Goal of the exercise: The lines to extract run from the start of the records through the line with "травянистый в Новокузнецке", both ends included; drop the pictures.

Entries shown Start Marker

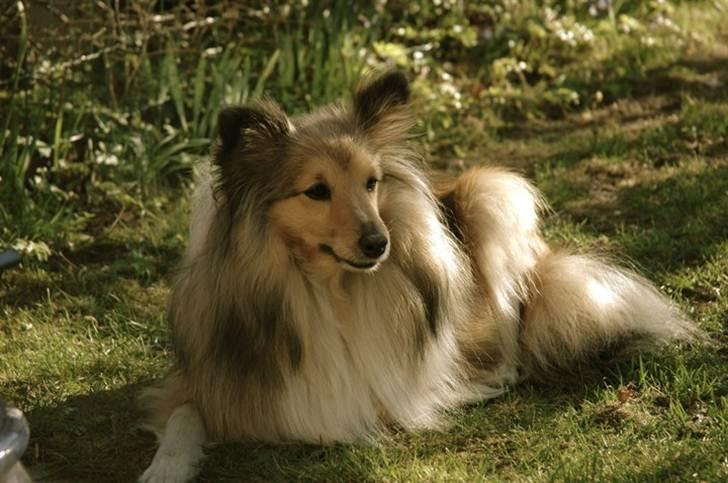 Shetland sheepdog Elverlamshuset's Tilde  billede 5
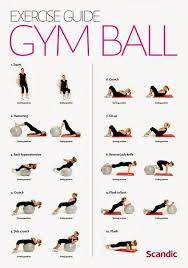 Ever Been Confused About How To Utilize That Exercise Ball At The Gym Don T Sweat It We Ve Got You Covered Workout Guide Ball Exercises Gym Ball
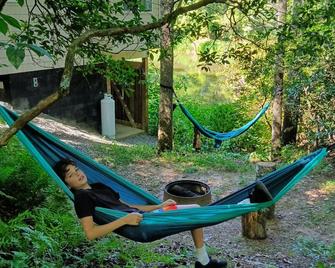 Pet friendly Little House, Fire pit, paddle boat, 2 hammocks, porch swing, grill - Brevard - Patio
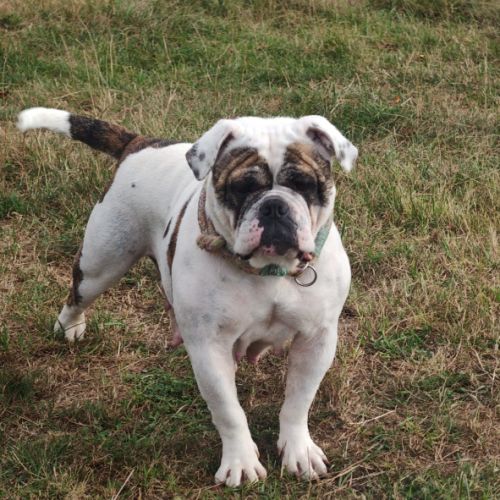 Bulldog continental lof paiement 4x cb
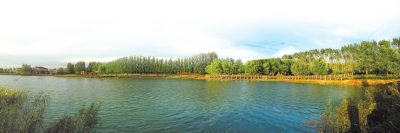 1573803372944701.jpg 2019111502.jpg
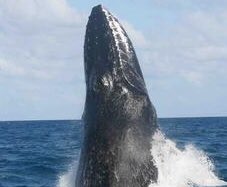 caoimhinmgm's tweet photo. Please retweet and more importantly "vote" to save the Whales https://t.co/BREZLbJeap @newbelfast @pernandobarrena https://t.co/4Yx8pvalVo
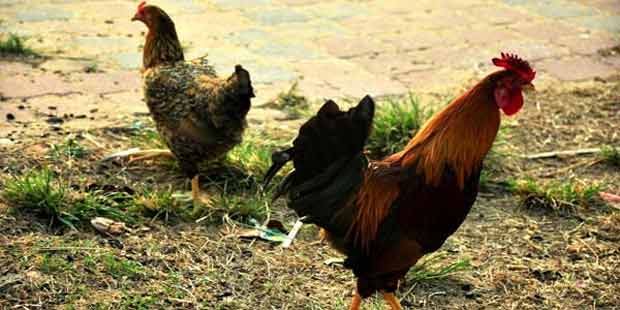 Detail Gambar Ayam Jantan Dan Betina Nomer 12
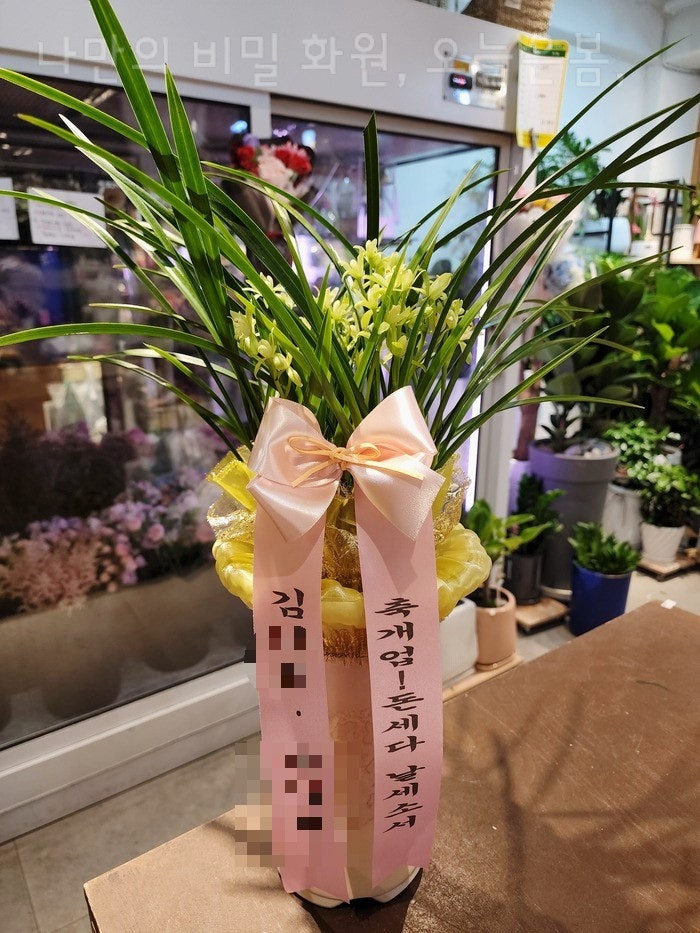  오늘은봄 울산꽃배달 중구 병영동 옥교동 학성동 꽃집 당일전국꽃배달 동양난 키우기쉬운 동양란 울산개업화분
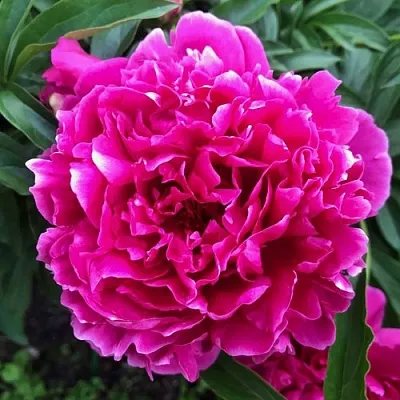 Пион КАРЛ РОЗЕНФЕЛЬД травянистый  Пион КАРЛ РОЗЕНФЕЛЬД травянистый в Новокузнецке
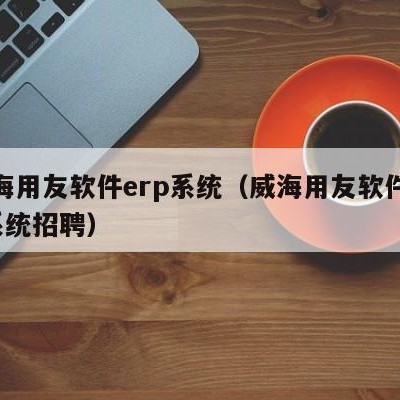 威海用友软件erp系统（威海用友软件erp系统招聘）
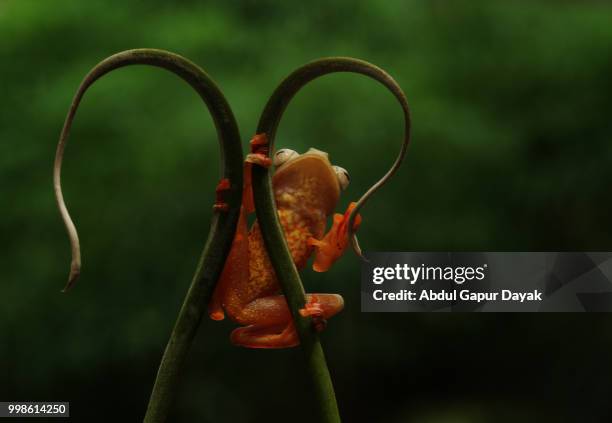 red frog - dayak stock pictures, royalty-free photos & images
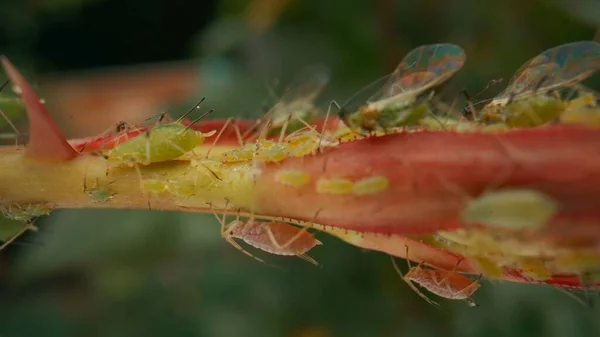 Aphid 딱정벌레는 줄기와 장미꽃 봉오리를 붙잡아 식물에 돌이킬 수없는 입힌다 — 스톡 사진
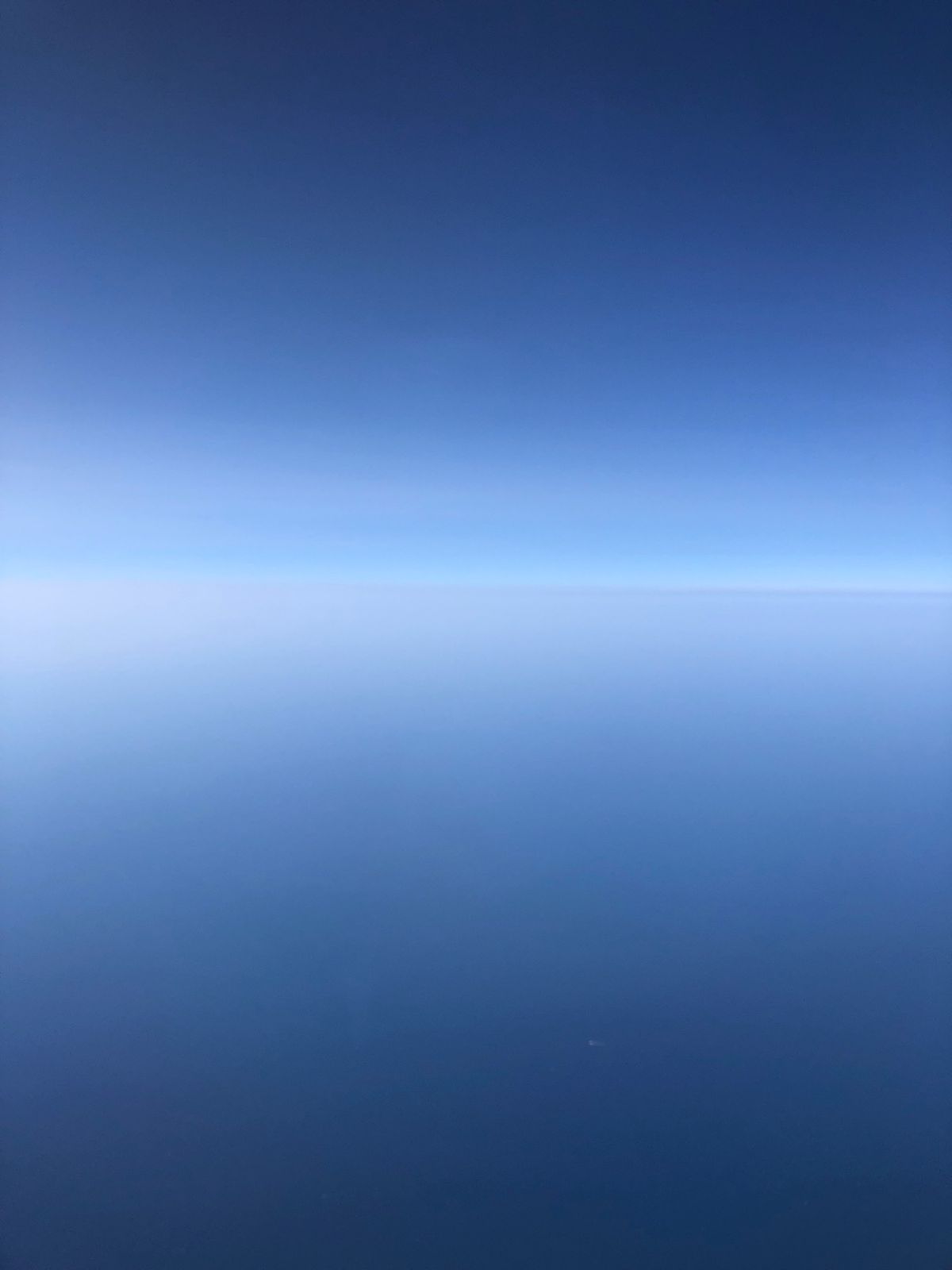 最後にお食事はと聞かれましたが、それほどお腹は空いていないので、フルーツに...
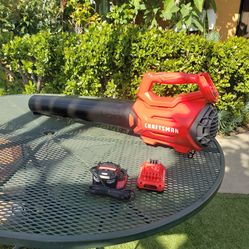 Leaf Blower Craftmans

Entries shown End Marker

Solution:
 Shetland sheepdog Elverlamshuset's Tilde  billede 5
 Ever Been Confused About How To Utilize That Exercise Ball At The Gym Don T Sweat It We Ve Got You Covered Workout Guide Ball Exercises Gym Ball
 Pet friendly Little House, Fire pit, paddle boat, 2 hammocks, porch swing, grill - Brevard - Patio
 Bulldog continental lof paiement 4x cb
 1573803372944701.jpg 2019111502.jpg
 caoimhinmgm's tweet photo. Please retweet and more importantly "vote" to save the Whales https://t.co/BREZLbJeap @newbelfast @pernandobarrena https://t.co/4Yx8pvalVo
 Detail Gambar Ayam Jantan Dan Betina Nomer 12
  오늘은봄 울산꽃배달 중구 병영동 옥교동 학성동 꽃집 당일전국꽃배달 동양난 키우기쉬운 동양란 울산개업화분
 Пион КАРЛ РОЗЕНФЕЛЬД травянистый  Пион КАРЛ РОЗЕНФЕЛЬД травянистый в Новокузнецке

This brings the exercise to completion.